Motorradtouren Albanien Ostalbanien Ohrid-See und Prespa-Seen

Grenzgänger zwischen Ohrid-See und den Prespa-Seen

Motorrad vor Bunker von Hoxha mit Tiefblick auf den Ohridsee

Den heutigen Tag charakterisieren zehn Wörter. Berge, Berge, Berge, Kurven, Kurven, Kurven, Schlaglöcher, Wellen, Dellen und Risse. Wobei ... am Ende kommt noch ein weiteres dazu: Popoweh!

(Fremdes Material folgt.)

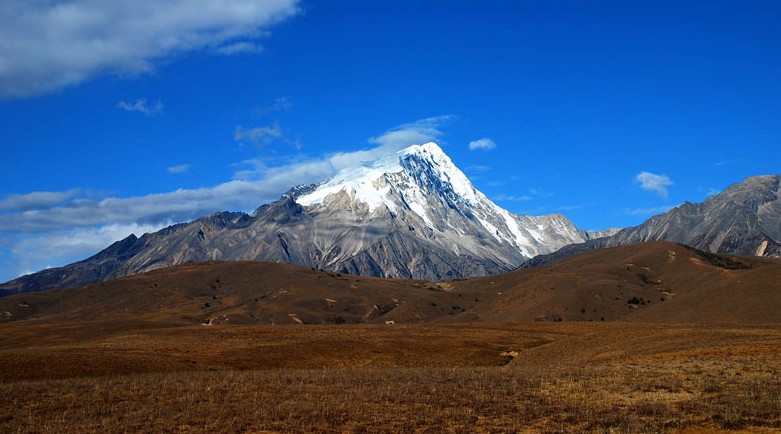 格聶聖山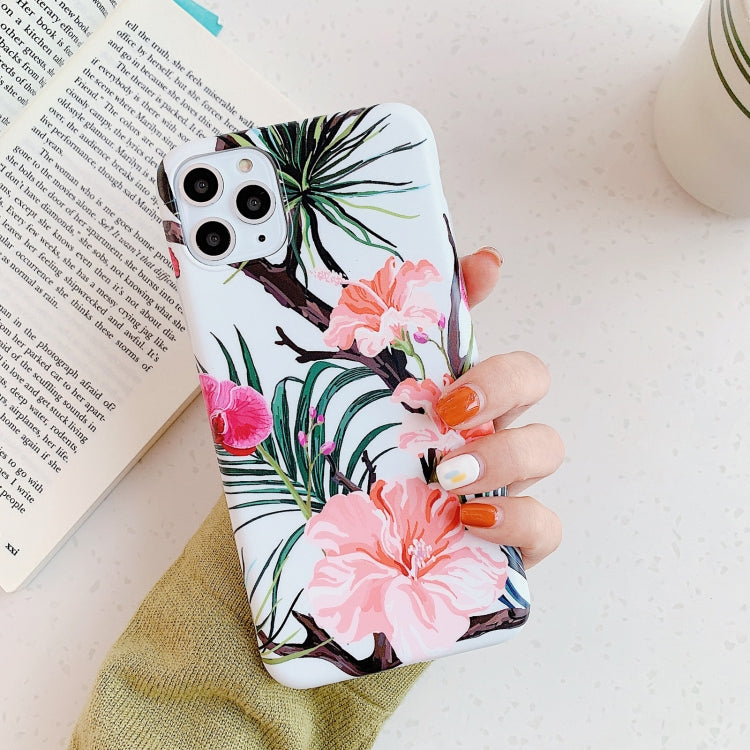 For iPhone 11 Pro Plantain Flower Leaves Series Pattern Shockproof Protective Case
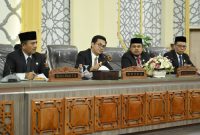 Dewan Perwakilan Rakyat Kota (DPRK) Banda Aceh, menggelar rapat Paripurna dengan agenda Penyampaian Penjelasan dan Penyerahan Rancangan Qanun (Raqan) APBK Banda Aceh Tahun Anggaran.foto ist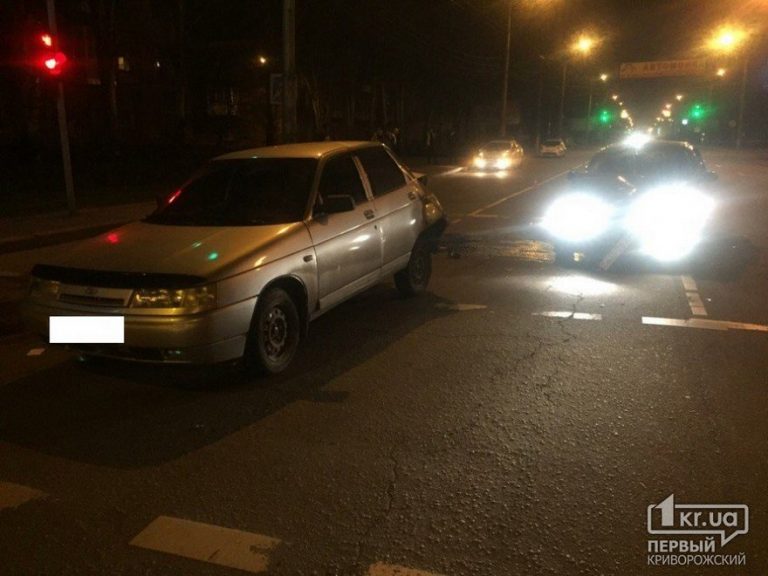 Догнал на светофоре: водитель на «Daewoo Lanos» врезался в  «Lada» (фото)
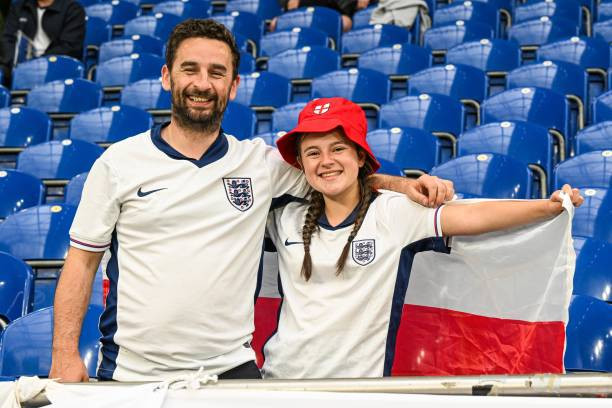 Bellingham lập công, tuyển Anh thắng tối thiểu Serbia trận ra quân ảnh 7 Bellingham lập công, tuyển Anh thắng tối thiểu Serbia trận ra quân ảnh 7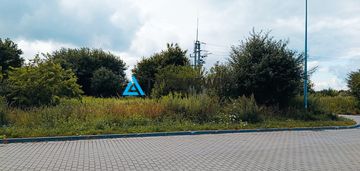 Działka w cichej, miejskiej okolicy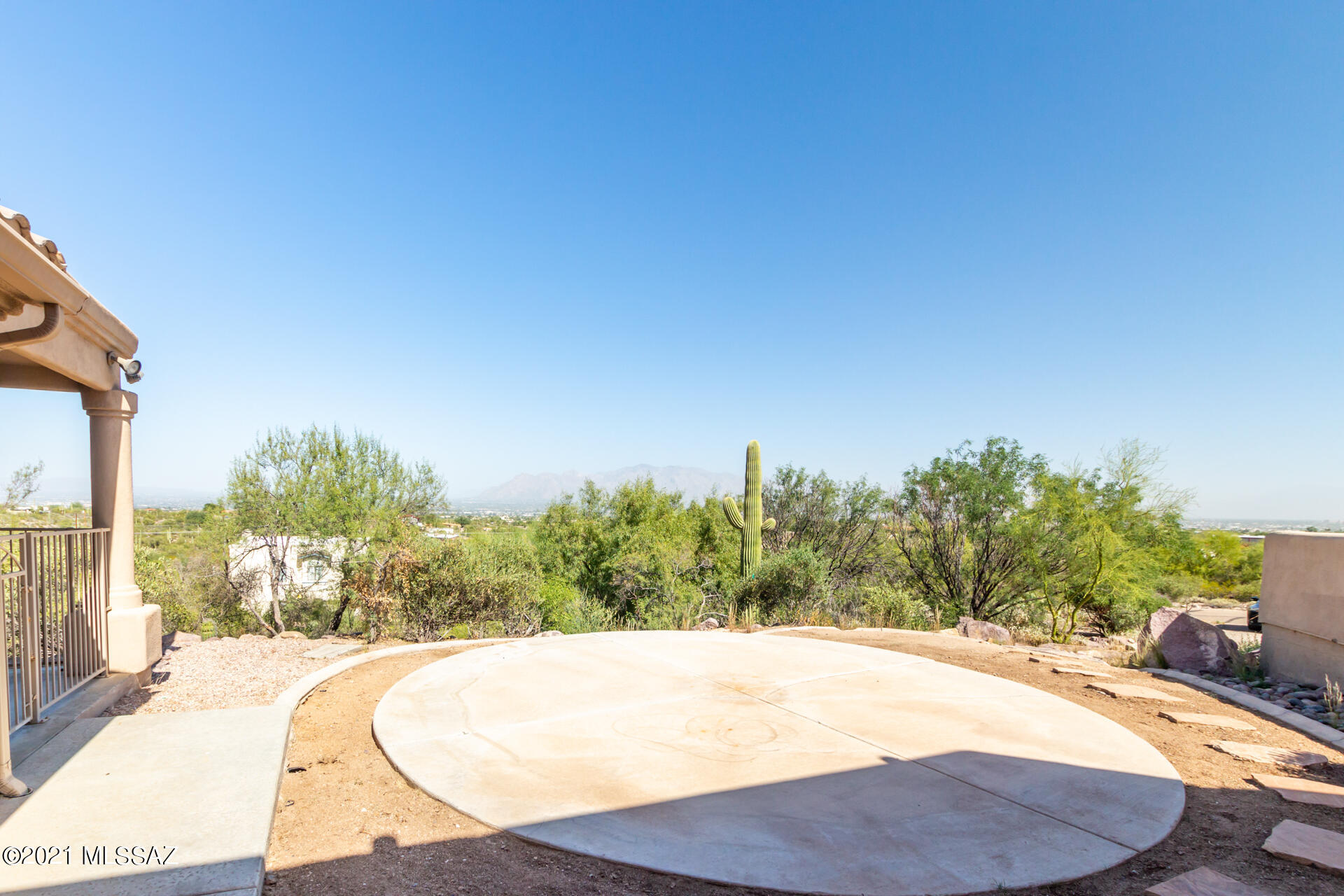 Vista De La Sierra De Dios - Residential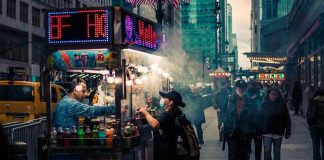 Discovering New York City’s vibrant Street Food Scene: Classic Favorites and Emerging Flavors New York City vibrant Street Food Scene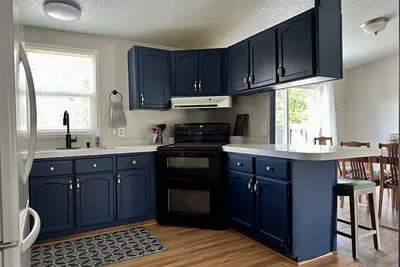 Image de 1 Acre Hidden Gem in Town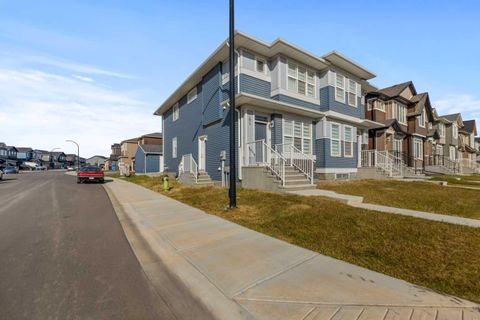 Photo of 281 Creekside Boulevard SW, Calgary, AB T2X 4X9 (MLS # A2304798)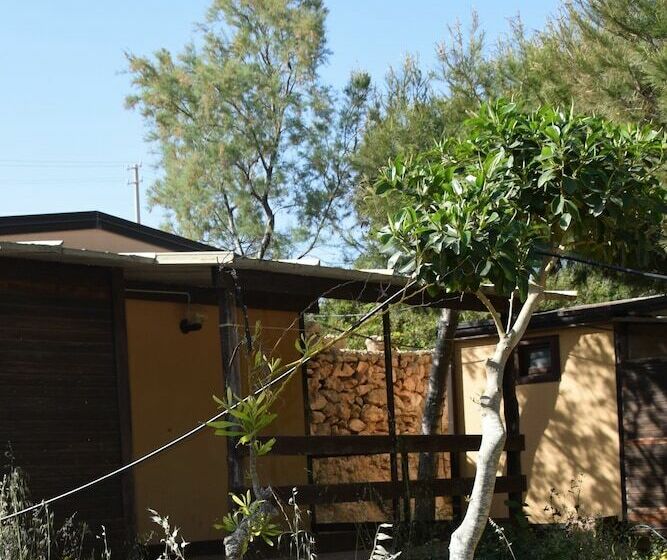 Отель Camping La Roccia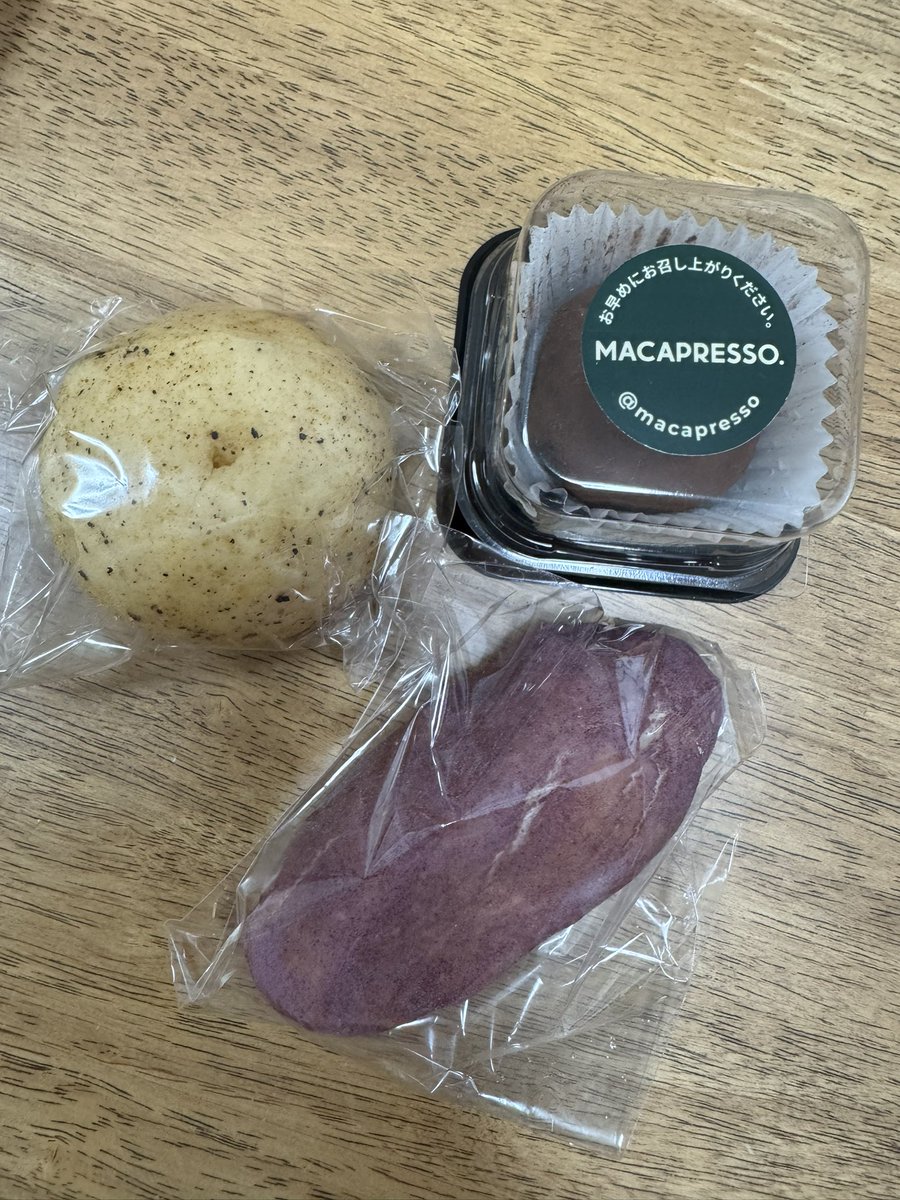 smallsummer0719's tweet photo. 新大久保で食いたいもん全部食ったった！！
#hwachon
#movemove
#macapresso
#shinchoncafe
#高栗屋 https://t.co/y5HHxBbkPu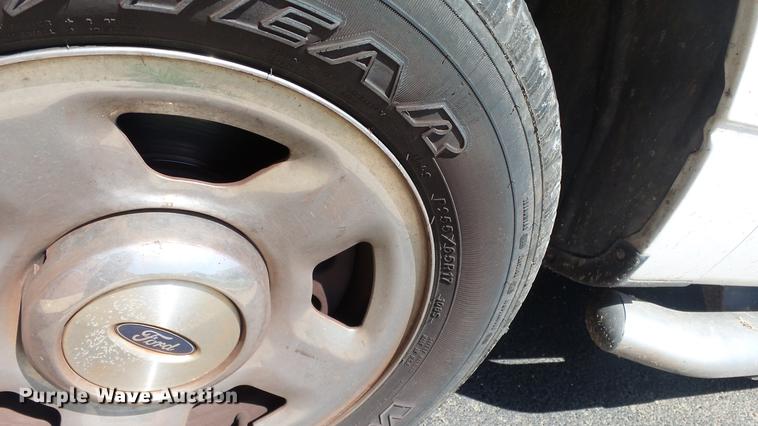 image for item EX9235 2004 Ford F150 SuperCab pickup truck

Um neun Uhr sind wir auf Achse. Die Strecke umfasst mehr als dreihundert Kilometer. Sie führt uns bis zum Ohrid-See im Osten. Die Tour über Këlcyrë, Përmet, Leskovik und Korçë wird bestimmt anstrengend, aber erlebnisreich: Die Straße soll zwar so weit geteert, aber in sehr schlechtem Zustand sein. Da es außerdem großteils eine Bergstrecke ist, rechnen wir mit stundenlanger Kurvenfahrt.

Frau auf einer Brücke über die Vjosa.
Blick auf Flusslauf der Vjosa, unweit von Permet.

Wir durchqueren als erstes noch einmal die Këlcyrëschlucht. Die Vjosa mit ihrem türkisblauen Wasser begleitet uns weiterhin. Kurz vor Përmet führt eine schauklige Hängebrücke über den Fluss.

Wir testen dann mal die Haltbarkeit. Aber nur zu Fuß. Die schmalen Bretter sind mit Stoppschwellen wie in alten Epirusgassen verlegt und die Stahlseile schon arg verrostet. Von der Gegenseite kommen uns zwei Fußgänger entgegen und die Hängekonstruktion gerät fürchterlich ins Schwanken. Aber die zwei Arbeiter kennen das Teil und überqueren die Schaukel mit einer gelassenen Selbstverständlichkeit.

Motorrad auf Straße mit Kurven und Berge in der Nähe von Permet.

Ab Përmet ist die Straße sehr schmal und leider genauso holprig wie schon die ganze Zeit, seit wir die SH4 verlassen haben und der SH75 folgen. Selten ist ein Durchschnitt über vierzig Kilometer pro Stunde drin.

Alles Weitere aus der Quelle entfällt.